Nella pestilenza si diffondono più velocemente la tendenza verso il basso, la corruzione del linguaggio, la violenza, la pornografia in luogo del desiderio. Siamo entrati in una nuova fase della rivoluzione tecnologica nella quale si iniziano a misurare le conseguenze della Produzione. Negli ultimi cento anni il pianeta ha subìto un’accelerazione che cancella la storia precedente. Un cambiamento strutturale che si avvia all’irreversibilità. Il senso del sacro, di manifestazione del sacro nella natura, è scomparso. La religione si è fatta presupposto di conflitto. Gli studiosi definiscono questa era Antropocene, a sottolineare quanto l’uomo abbia modificato la sostanza stessa del pianeta e dei suoi abitanti.

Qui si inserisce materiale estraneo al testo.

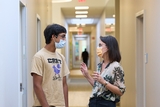 Young boy talks with a member of the hospital staff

Nell’infuriare della peste, nel racconto, nel canto, diventa necessario ricomporre l’unità per cercare un nuovo rapporto con la natura delle cose. Con il sacro e con le bestie, creature viventi con cui dividiamo la vita sulla terra. La relazione con l’animale è passata dalla ierofania delle grotte di Lascaux al bestiario medievale, nel quale la natura assumeva la forma del libro e la realtà era vista come simbolo, fino ad arrivare oggi ad un rapporto con le bestie che, per quanto molto più dibattuto e consapevole che in passato, spesso si consuma principalmente nel piatto. Oppure è culturalmente mediato da peluches, fiabe e cartoni animati.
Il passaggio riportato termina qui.